Dans une optique qui se dit bourdieusienne, les controverses au sein des écoles de cirque s’articuleraient autour de la possibilité de former un créateur et de penser l’art (p. 120). L’approche sociologisante trouve encore ici ses limites dans la mesure où « art » est une notion typiquement euro-américaine, marqueur de civilisation, renvoyant simplement à la technique tandis qu’émergerait parfois une notion plus complexe : « esthétique » ! Or, la technique s’acquiert, ainsi le souci de l’artiste est donc moins la technique que d’avoir son imagination stimulée au risque réel d’une œuvre qui resterait technique sèche et décorative. Une approche de l’écoformation fratellinienne pouvait-elle ainsi faire l’économie de ce qui contribue à stimuler la sensorialité, la sensibilité et l’imaginaire des élèves de manière à ce qu’ils l’incarnent ensuite par la technique qui leur est enseignée ? Formes du bâtiment, textures, odeurs, couleurs, etc., tout ce qui participe à l’atmosphère propice à l’éveil intime et artistique semble pourtant peu avoir suscité l’intérêt des co-auteurs plus attachés à réfléchir l’écart entre une posture pédagogique « à l’ancienne » et une « moderne » (pp. 121-124), avec pour conclure : « finalement les enseignants se rejoignent autour d’un objectif commun : former un artiste de cirque autonome et ouvert » (p. 122). Les questions de pluridisciplinarité, de trans- ou d’interdisciplinarité (p. 123), sont-elles foncièrement pertinentes pour l’éveil esthétique dans la mesure où l’artiste procède par anthropophagie plus que par discrimination ? La liberté d’expression artistique (p. 123) est de prendre ce qu’il y a de bon à prendre et de construire sur cette base, non dans le but de l’art lui-même, mais de la survie de l’artiste.

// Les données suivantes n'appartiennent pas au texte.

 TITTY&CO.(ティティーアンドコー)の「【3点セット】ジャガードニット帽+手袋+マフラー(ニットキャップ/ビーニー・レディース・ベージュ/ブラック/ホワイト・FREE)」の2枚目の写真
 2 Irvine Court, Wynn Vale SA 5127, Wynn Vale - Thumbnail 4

La quatrième partie s’ouvre justement, mais peut-être trop tardivement, sur l’idée de « pédagogie du sensible » (p. 132). Pour en esquisser les contours, les co-auteurs s’appuient sur l’histoire de l’école, les témoignages recueillis et des entretiens, ni participation observante ni description ethnographique pour cet enjeu qui est « l’exploration de cette dimension invisible des apprentissages » et dépasser le discours construit des artistes et élèves-artistes formés à répondre aux attentes des co-auteurs comme enquêteurs ou des journalistes (pp. 134-135). Enfin, si les co-auteurs reconnaissent les apports qu’auraient pu fournir les neurosciences à propos de la sensorialité – ils ne parlent pas de neuroesthétique – et retiennent les travaux de Bernard Andrieu au CNAC14 ; en revanche, ils semblent ignorer les travaux entre sciences de la vie et arts du spectacle vivant menés en France, comme à l’international, depuis le début des années quatre-vingt, inaugurés pour la France lors du Colloque international « Théâtre et science de la vie / Performing Arts and Life Sciences » qui tenait ses assises en 1984 à la Maison des Cultures du Monde sous l’égide du Ministère de la culture et de l’Alliance française. Si les co-auteurs montrent bien au fil de leur ouvrage les résistances, les stratégies d’adaptation et de transformation de Fratellini (p. 141), les outils épistémologiques et méthodologiques qu’ils mobilisent, issus des STAPS, des sciences de l’éducation et de la sociologie ou de la socio-histoire, ne sont peut-être pas les meilleurs pour rendre compte de ce que serait une « expérience Fratellini » d’où l’on apprendrait de la formation des artistes de cirque.